AutoML and interpretability: powering the machine learning revolution in healthcare
AutoML and interpretability are both fundamental to the successful uptake of machine learning by non-expert end users. The former will lower barriers to entry and unlock potent new capabilities that are out of reach when working with ad-hoc models, while the latter will ensure that outputs are transparent, trustworthy, and meaningful. In healthcare, AutoML and interpretability are already beginning to empower the clinical community by enabling the crafting of actionable analytics that can inform and improve decision-making by clinicians, administrators, researchers, policymakers, and beyond. This keynote presents state-of-the-art AutoML and interpretability methods for healthcare developed in our lab and how they have been applied in various clinical settings (including cancer, cardiovascular disease, cystic fibrosis, and recently Covid-19), and then explains how these approaches form part of a broader vision for the future of machine learning in healthcare.”

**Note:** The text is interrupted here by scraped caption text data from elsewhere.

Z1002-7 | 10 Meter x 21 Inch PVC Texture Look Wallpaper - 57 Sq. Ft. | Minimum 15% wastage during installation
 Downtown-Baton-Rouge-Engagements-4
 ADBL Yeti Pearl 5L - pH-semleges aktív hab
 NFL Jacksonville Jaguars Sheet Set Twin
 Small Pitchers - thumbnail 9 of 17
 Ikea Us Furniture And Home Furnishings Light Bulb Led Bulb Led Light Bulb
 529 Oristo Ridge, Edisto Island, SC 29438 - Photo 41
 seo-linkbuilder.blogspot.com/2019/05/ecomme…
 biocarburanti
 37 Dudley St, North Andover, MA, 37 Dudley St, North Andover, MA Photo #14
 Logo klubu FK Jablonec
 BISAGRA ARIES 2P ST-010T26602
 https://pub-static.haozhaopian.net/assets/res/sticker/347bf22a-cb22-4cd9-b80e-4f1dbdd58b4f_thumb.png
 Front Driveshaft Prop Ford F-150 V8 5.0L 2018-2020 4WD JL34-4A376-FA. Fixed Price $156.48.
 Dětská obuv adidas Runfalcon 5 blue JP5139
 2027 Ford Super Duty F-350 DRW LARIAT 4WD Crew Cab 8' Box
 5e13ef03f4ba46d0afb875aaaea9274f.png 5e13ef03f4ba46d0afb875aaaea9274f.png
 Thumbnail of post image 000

Mihaela van der Schaar is the John Humphrey Plummer Professor of Machine Learning, Artificial Intelligence and Medicine at the University of Cambridge, a Fellow at The Alan Turing Institute in London, and a Chancellor’s Professor at UCLA. Mihaela was elected IEEE Fellow in 2009. She has received numerous awards, including the Oon Prize on Preventative Medicine from the University of Cambridge (2018), a National Science Foundation CAREER Award (2004), 3 IBM Faculty Awards, the IBM Exploratory Stream Analytics Innovation Award, the Philips Make a Difference Award and several best paper awards, including the IEEE Darlington Award. Mihaela’s work has also led to 35 USA patents (many widely cited and adopted in standards) and 45+ contributions to international standards for which she received 3 International ISO (International Organization for Standardization) Awards. In 2019, she was identified by National Endowment for Science, Technology and the Arts as the most-cited female AI researcher in the UK. She was also elected as a 2019 “Star in Computer Networking and Communications” by N²Women. Her research expertise spans signal and image processing, communication networks, network science, multimedia, game theory, distributed systems, machine learning and AI. Mihaela’s research focus is on machine learning, AI and operations research for healthcare and medicine. In addition to leading the van der Schaar Lab, Mihaela is founder and director of the Cambridge Centre for AI in Medicine (CCAIM).